Earlier this week, U.S. District Judge Lewis Kaplan said he would give the former president until 5 p.m. Sunday to make up his mind about testifying in his own defense after writer E. Jean Carroll accused him of raping her in the mid-1990s. But if Trump missed that deadline, Kaplan warned, “That ship will be irrevocably sailed.”
On Sunday, 5 p.m. came and went without Trump’s attorneys filing a motion to inform the court of any shift in plans, confirming that the entirety of Carroll’s civil case would play out without the accused once showing his face in the Manhattan courtroom.
ADVERTISEMENT
Trump’s lawyer, Joe Tacopina, declined to comment on the matter to the Associated Press after the deadline passed.
Judge Kaplan’s extension on Thursday came after Trump brayed over a golf club to reporters in Ireland that he would “probably” cut his trip short to go back to New York and attend the trial.
“I’m going to go back, and I’m going to confront this—this woman is a disgrace and it shouldn’t be allowed to happen in our country,” he said. He repeatedly attacked Carroll as “fake” and Kaplan as “extremely hostile.”
When asked by the New York Daily News shortly after if Trump would be appearing in person, Tacopina replied, “No.”
Lawyers for Carroll, who alleges Trump raped her in a dressing room at New York’s Bergdorf Goodman department store just under 30 years ago, presented 11 witnesses over the course of two weeks.

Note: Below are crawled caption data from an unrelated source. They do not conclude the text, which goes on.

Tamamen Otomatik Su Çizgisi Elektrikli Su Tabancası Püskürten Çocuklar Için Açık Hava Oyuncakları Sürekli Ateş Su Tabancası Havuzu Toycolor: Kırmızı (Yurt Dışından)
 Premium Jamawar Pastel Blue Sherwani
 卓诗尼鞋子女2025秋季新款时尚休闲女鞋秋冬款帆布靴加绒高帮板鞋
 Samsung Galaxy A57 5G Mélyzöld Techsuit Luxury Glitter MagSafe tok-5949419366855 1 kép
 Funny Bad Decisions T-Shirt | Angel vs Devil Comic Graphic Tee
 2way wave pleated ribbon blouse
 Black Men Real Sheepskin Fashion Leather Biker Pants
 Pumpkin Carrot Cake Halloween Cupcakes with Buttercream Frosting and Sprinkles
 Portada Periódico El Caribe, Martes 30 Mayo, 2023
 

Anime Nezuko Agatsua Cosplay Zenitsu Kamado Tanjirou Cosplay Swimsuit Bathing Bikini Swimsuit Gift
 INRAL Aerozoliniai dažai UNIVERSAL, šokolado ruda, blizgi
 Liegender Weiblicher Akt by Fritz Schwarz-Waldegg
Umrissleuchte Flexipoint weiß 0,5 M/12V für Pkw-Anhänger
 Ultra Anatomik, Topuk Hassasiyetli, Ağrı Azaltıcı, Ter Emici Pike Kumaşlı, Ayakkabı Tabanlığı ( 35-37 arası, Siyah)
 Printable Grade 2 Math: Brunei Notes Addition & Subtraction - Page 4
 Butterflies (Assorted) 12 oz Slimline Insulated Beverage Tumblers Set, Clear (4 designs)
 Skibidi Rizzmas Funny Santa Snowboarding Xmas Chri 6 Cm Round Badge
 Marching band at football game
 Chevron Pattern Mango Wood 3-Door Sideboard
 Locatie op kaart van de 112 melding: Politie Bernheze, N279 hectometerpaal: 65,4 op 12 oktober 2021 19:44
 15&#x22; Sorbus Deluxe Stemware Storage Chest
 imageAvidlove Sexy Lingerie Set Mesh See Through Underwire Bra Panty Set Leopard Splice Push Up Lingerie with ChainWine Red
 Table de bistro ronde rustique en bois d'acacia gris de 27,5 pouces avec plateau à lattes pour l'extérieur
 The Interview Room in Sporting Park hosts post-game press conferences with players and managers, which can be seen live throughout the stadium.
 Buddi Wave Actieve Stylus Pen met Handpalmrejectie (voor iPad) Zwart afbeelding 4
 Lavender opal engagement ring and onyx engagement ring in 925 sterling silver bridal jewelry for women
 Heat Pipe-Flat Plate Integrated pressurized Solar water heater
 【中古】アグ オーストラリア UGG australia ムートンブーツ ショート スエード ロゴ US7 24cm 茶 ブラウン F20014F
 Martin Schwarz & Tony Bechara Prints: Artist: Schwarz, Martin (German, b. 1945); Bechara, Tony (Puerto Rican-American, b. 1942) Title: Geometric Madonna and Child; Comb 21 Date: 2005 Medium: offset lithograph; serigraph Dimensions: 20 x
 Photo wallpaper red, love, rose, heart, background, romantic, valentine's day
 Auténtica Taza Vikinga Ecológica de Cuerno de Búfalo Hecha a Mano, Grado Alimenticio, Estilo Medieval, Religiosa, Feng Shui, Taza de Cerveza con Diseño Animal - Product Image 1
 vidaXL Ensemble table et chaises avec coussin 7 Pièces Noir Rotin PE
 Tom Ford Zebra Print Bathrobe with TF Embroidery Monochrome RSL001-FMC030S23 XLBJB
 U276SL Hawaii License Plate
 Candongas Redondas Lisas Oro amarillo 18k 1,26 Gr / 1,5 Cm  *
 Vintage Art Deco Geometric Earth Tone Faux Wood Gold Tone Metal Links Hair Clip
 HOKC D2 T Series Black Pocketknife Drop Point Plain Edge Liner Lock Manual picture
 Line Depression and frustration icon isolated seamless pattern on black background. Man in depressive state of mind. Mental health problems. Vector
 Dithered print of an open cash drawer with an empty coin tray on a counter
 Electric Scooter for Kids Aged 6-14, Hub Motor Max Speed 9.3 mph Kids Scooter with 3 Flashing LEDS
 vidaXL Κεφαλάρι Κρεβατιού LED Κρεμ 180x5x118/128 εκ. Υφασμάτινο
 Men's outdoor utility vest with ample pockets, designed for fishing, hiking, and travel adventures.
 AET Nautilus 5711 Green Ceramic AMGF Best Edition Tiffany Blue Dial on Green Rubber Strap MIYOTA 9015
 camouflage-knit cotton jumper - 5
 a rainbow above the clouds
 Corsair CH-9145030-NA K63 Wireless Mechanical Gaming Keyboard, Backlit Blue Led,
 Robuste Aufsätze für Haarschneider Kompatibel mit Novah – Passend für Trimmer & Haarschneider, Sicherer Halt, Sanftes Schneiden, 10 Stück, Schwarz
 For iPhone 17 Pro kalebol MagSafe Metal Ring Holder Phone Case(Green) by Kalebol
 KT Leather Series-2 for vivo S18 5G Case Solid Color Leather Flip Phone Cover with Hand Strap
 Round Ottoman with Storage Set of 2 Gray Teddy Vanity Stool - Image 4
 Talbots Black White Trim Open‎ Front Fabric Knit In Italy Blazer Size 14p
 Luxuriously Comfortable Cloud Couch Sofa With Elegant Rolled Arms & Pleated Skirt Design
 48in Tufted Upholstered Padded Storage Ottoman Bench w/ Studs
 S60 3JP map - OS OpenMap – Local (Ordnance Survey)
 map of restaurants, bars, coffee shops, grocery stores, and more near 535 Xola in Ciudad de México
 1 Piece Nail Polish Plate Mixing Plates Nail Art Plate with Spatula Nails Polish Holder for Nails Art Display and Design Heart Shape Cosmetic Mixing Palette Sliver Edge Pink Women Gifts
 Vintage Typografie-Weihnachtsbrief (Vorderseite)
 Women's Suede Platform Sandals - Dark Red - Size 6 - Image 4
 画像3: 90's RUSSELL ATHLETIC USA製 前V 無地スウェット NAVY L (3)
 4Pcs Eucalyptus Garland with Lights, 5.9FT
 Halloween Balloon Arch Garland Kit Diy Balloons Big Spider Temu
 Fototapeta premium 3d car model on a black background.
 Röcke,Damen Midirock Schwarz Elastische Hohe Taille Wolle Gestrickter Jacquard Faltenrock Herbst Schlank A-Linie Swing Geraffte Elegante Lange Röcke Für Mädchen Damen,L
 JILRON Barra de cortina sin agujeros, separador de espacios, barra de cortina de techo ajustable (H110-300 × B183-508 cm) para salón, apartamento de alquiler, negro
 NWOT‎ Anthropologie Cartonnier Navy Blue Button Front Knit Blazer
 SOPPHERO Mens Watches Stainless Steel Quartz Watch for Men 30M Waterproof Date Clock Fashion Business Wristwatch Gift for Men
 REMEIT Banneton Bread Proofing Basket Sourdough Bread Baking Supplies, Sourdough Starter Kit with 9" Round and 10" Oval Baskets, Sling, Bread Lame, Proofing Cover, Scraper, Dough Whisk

They rested their case late Thursday; almost immediately after, Tacopina rested his.
Kaplan, referencing Trump’s remarks in Ireland, expressed concerns that the jury needed to hear from Trump directly. “In the interests of justice,” he said, he would be willing to reopen the case briefly to allow the former president to testify.
“If he has second thoughts, I’ll at least consider it,” Kaplan said, setting the deadline.
Trump has denied all wrongdoing in the matter, saying at various points that Carroll was “not [his] type” and that he doesn’t know who she is. In an October deposition, parts of which were played by Carroll’s attorneys in court, he insisted that she was a “nut job” who’d made up the rape claim to sell her book.
Lawyers for both parties are expected to make their closing arguments on Monday, and the jury is expected to receive the case for deliberation on Tuesday.